This was a 🤯 for me and explains a lot of the very strange errors I have had with CMake over the last few years!

assignUser · 2024-03-14T04:08:44Z

dev/benchmarks/CMakeLists.txt

+  fetchcontent_makeavailable(nanoarrow)
+elseif(NANOARROW_BENCHMARK_VERSION)
+  fetchcontent_declare(nanoarrow
+                       URL https://github.com/apache/arrow-nanoarrow/archive/refs/tags/apache-arrow-nanoarrow-${NANOARROW_BENCHMARK_VERSION}.zip


fyi: You can actually use URL for a local dir too!

A URL may be an ordinary path in the local file system (in which case it must be the only URL provided) or any downloadable URL supported by the file(DOWNLOAD) command. A local filesystem path may refer to either an existing directory or to an archive file, whereas a URL is expected to point to a file which can be treated as an archive.

I couldn't get this to work (the configure step hangs), but I like parameterizing this way since you could easily run benchmarks against any branch on any fork or any local checkout without much trouble so I emulated it with if(IS_DIRECTORY ...).

assignUser · 2024-03-14T04:10:13Z

dev/benchmarks/CMakeLists.txt

+include(CTest)
+enable_testing()


This is technically redundant as including CTest also enables it but I have had mixed results with that so I also usually call it explicitly :)

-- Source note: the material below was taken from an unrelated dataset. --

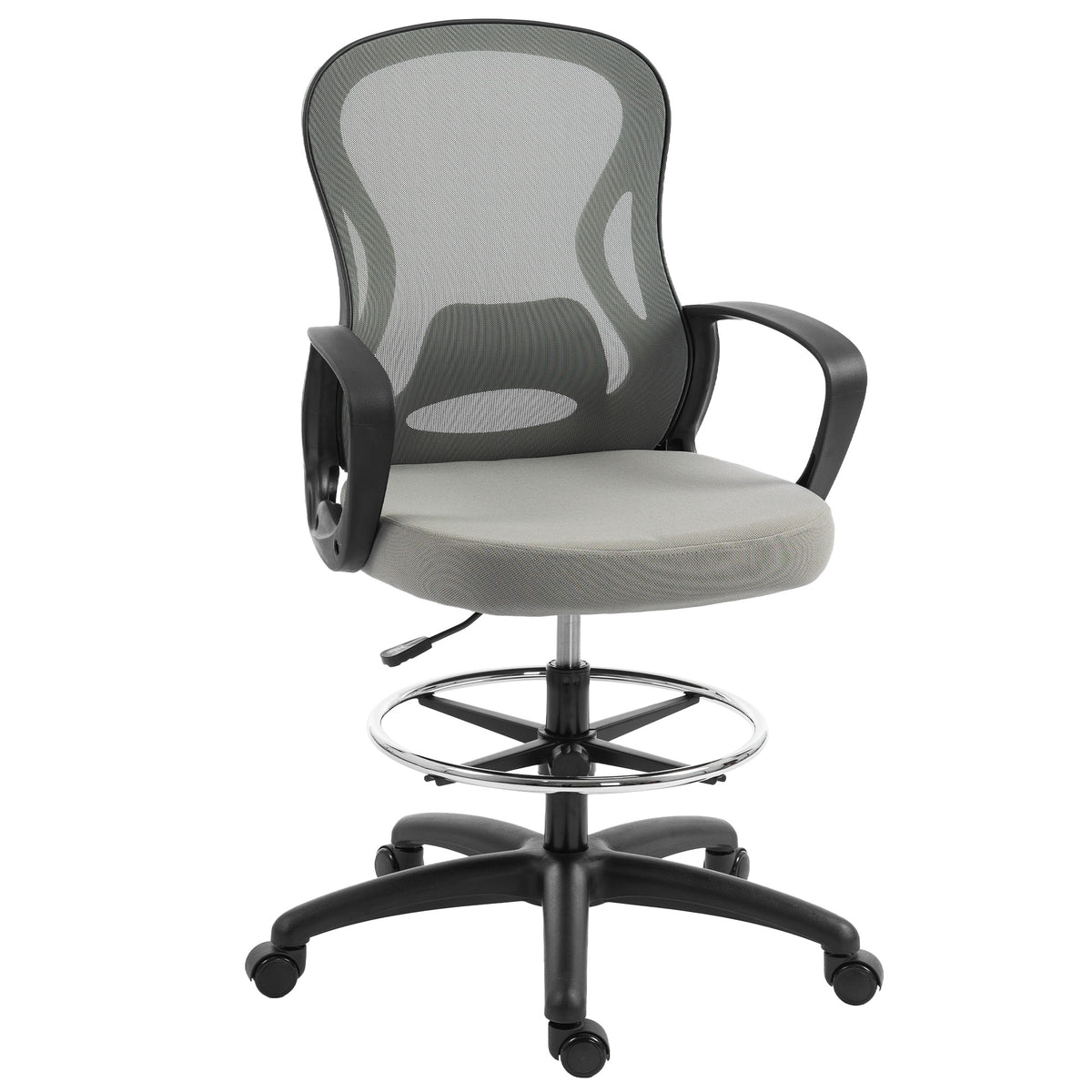 Cadeira de Escritório Ergonômica Cadeira de Escritório com Apoio para os Pés e Apoios de Braço em Malha 59x65x123 cm Cinza — foto 1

The tests don't show up in VSCode unless I put it there 🤷

assignUser · 2024-03-14T04:14:40Z

dev/benchmarks/benchmark-run-all.sh

Just overall very nice, short and sweet 🍦

dev/benchmarks/benchmark-run-all.sh

assignUser · 2024-03-14T04:25:37Z

dev/benchmarks/benchmark-report.qmd

+if (github_ref == "main") {
+  github_repo <- "apache/arrow-nanoarrow"
+} else {
+  remote <- gert::git_remote_info()


This actually errors for me but that is due to the way gh pr checkout sets up the branch (no remote apparently?). Probably not something that will happen in PRs?

I wrapped this in try() just in case. The source links aren't that useful if you're in a branch, anyway, but at least the report will run (and just give possibly inaccurate source links).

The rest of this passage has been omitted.